- [Stored data]
◆ ◆ ◆ ◆ ◆ ◆ ◆

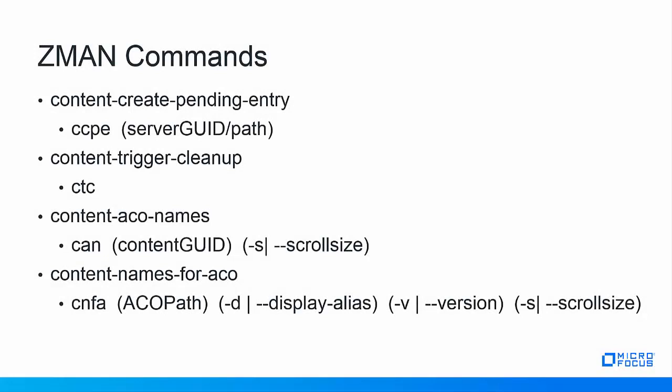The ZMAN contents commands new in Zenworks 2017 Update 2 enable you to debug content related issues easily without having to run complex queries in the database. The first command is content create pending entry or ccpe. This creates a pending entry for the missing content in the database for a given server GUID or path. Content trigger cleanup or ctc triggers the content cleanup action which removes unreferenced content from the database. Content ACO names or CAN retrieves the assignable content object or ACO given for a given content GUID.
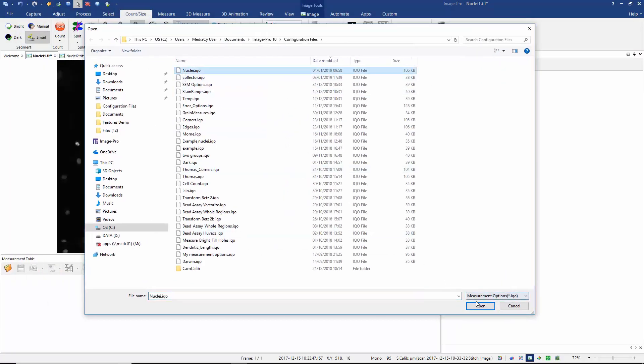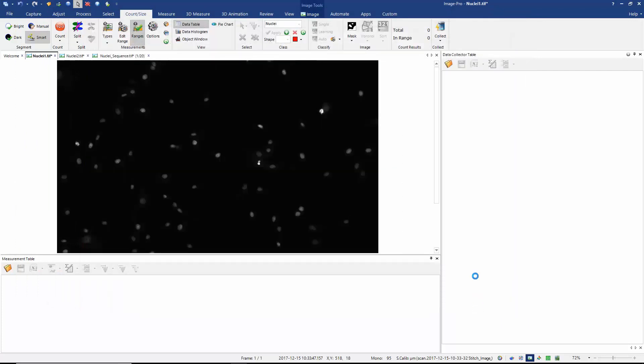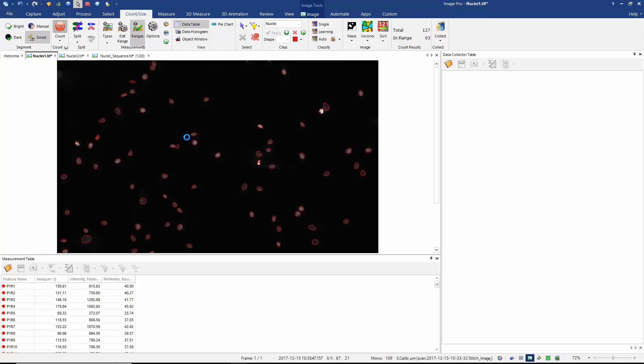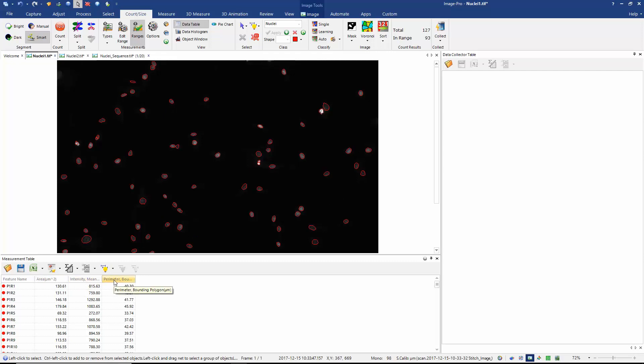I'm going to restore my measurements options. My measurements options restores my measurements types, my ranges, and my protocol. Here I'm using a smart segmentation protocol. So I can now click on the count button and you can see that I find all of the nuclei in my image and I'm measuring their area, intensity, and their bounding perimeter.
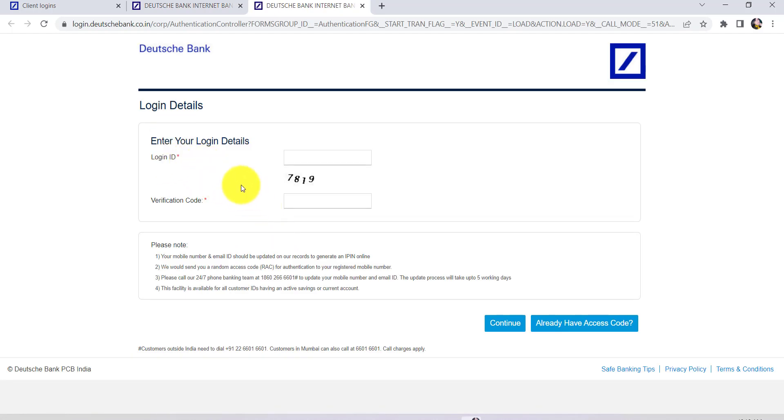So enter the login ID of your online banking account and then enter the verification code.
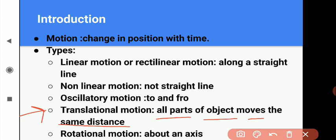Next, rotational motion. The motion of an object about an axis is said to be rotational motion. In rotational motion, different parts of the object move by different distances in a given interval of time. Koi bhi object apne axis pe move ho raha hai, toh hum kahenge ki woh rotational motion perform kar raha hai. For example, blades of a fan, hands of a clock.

◆ ◆ ◆ ◆ ◆ ◆ ◆

- [Your task]
Each line from the one containing "I'm going to" through the last line of the data should be written out exactly. Skip the pictures, and add no other lines.

- [Response to this exercise]
I'm going to restore my measurements options. My measurements options restores my measurements types, my ranges, and my protocol. Here I'm using a smart segmentation protocol. So I can now click on the count button and you can see that I find all of the nuclei in my image and I'm measuring their area, intensity, and their bounding perimeter.
So enter the login ID of your online banking account and then enter the verification code.
Next, rotational motion. The motion of an object about an axis is said to be rotational motion. In rotational motion, different parts of the object move by different distances in a given interval of time. Koi bhi object apne axis pe move ho raha hai, toh hum kahenge ki woh rotational motion perform kar raha hai. For example, blades of a fan, hands of a clock.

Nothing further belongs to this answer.